I skipped out of the session to catch some posters, but I came back
in time for an interesting talk by Booth et al, of the Hadley center,
showing the robustness of their simulation of Amazon dieback against
variations in uncertain atmospheric parameters (it may die sooner, it
may die later, but die it does). He showed, though, that whether the
Amazon dies back is sensitive to the formulation of the land surface
model, with only about half of the randomly-chosen cases done giving a
dieback. Is this a tipping point? I'm not sure I care whether it is or
not, but it sure is important, especially given how much CO2 gets
dumped into the atmosphere if the Amazon dies. A nasty thing is that
the part of the Amazon that is most robust is precisely the part where
deforestation from economic development is worst.
What I personally found most interesting today, with regard to
climate change issues, was contained in three papers or posters by
Camp, Tung and a few other collaborators, concerning the surface
temperature response to forcing by total solar luminosity changes in
the 11 year solar cycle. The first talk was not specifically tied to
the luminosity: it was a slight variant on the Camp and Tung paper
which appeared recently in GRL, which used the periodicity of the 11
year cycle to detect the pattern and magnitude of the solar cycle in
surface temperature data from the NCEP reanalysis. The slight variant
was that instead of doing a composite, Camp used a form of linear
discriminant analysis. It gives similar results to the compositing
method: polar amplification in the pattern, and a global mean
temperature amplitude of about 0.18K peak to peak. That's nearly twice
what most other analyses give; e.g. Scafetta's estimate yields more
like 0.1K .
That wasn't so terribly exciting, given the earlier GRL result, but
where things get interesting is where you try to explain a magnitude of
signal this big in terms of basic physics. This is important because
there is a perception that GCM's vastly underestimate the amplitude of
the response to total solar luminosity, leading to a perception that
there is some “missing physics” (whether it be exotic amplification of
a stratospheric response, or something like clouds and cosmic rays). In
a second talk, Tung and Camp looked at simple surface energy balance
models with thermal inertia, to see what they could do. To set the
stage, Tung points out that a naive estimate would say that to get a
.17K signal from a solar irradiance cycle with amplitude of .18 Watt
per square meter you need a climate sensitivity factor of about 1 —
that would give you equilibrium warming of 3.7K for doubling of CO2
(which has a radiative forcing of 3.7 Watts per square meter). That's
actually an underestimate, since the response to the 11 year cycle is
damped by thermal inertia, so that underestimates equilibrium
sensitivity — the thermal inertia in the atmosphere and ocean averages
out the bright sun and faint sun periods to some extent. Thus, Camp and
Tung's result points towards a climate sensitivity considerably higher
than the mid-range IPCC number.
Now, they go further, using the surface energy balance. They
explicitly go about trying to explain the response in terms of standard
energy balance amplified by standard feedbacks (water vapor, ice
albedo, and cloud response to temperature changes), without anything
exotic. They find that they can do so in their surface energy balance
model, though they don't actually attempt to identify the physical
feedback mechanism. That's just left as a generic “feedback factor.”

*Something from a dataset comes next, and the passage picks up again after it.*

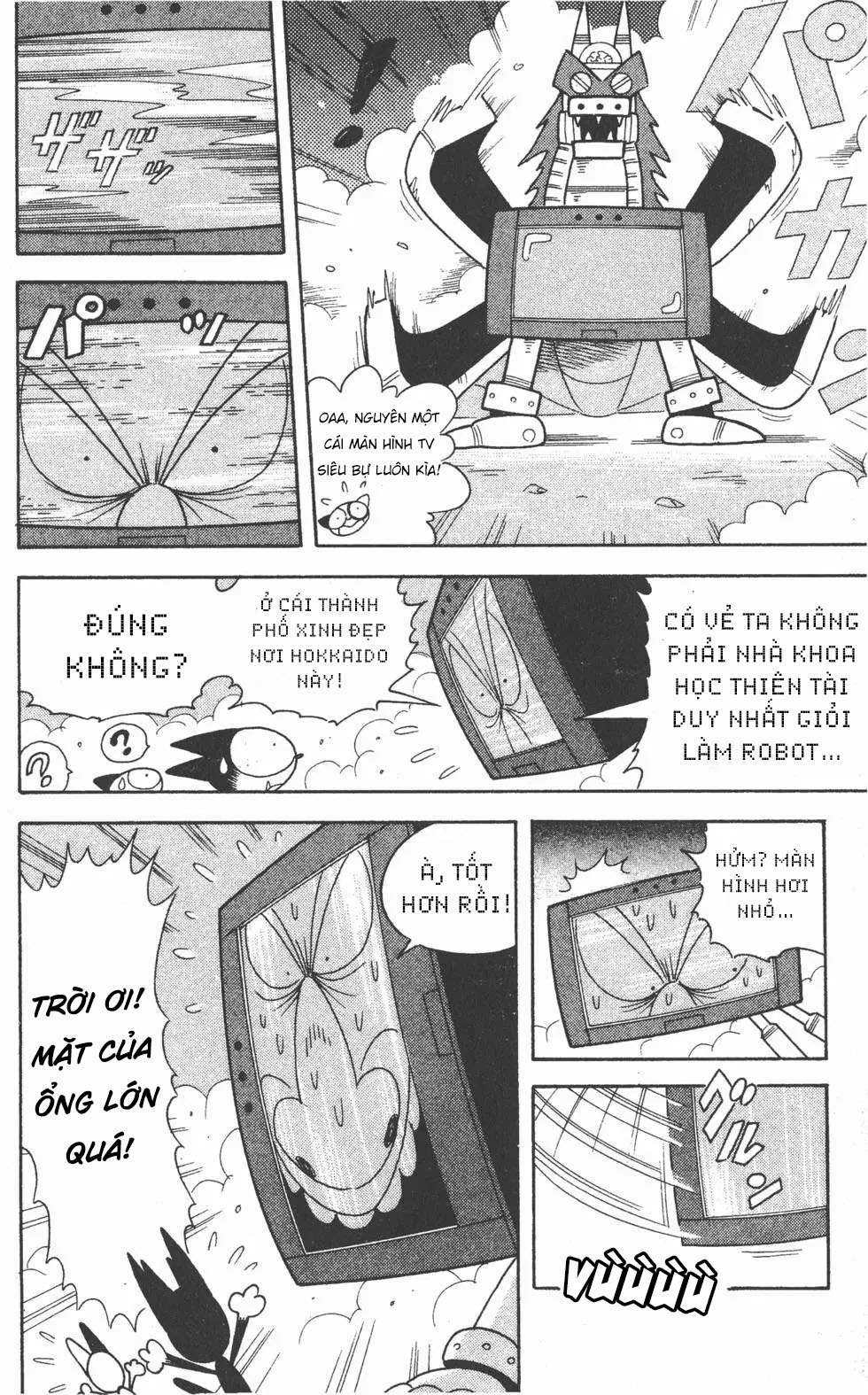 Mèo Máy Kuro Chapter 4 - Trang 2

The feedback factor that gives the best fit to data is compatible with
an equilibrium warming of around 4K for doubling. One aspect of the
model they use, which troubles me, is that Camp and Tung write a
time-dependent energy balance equation for the lower atmosphere — using
the thermal mass appropriate to the lower atmosphere. This gives a
rapid response to solar irradiance changes, with little averaging, and
gives a response that is almost in-phase with the solar cycle (as the
observations indicate). That would be appropriate if they were holding
the surface temperature fixed and driving the atmosphere with just the
20% or so of solar radiation absorbed directly in the atmosphere.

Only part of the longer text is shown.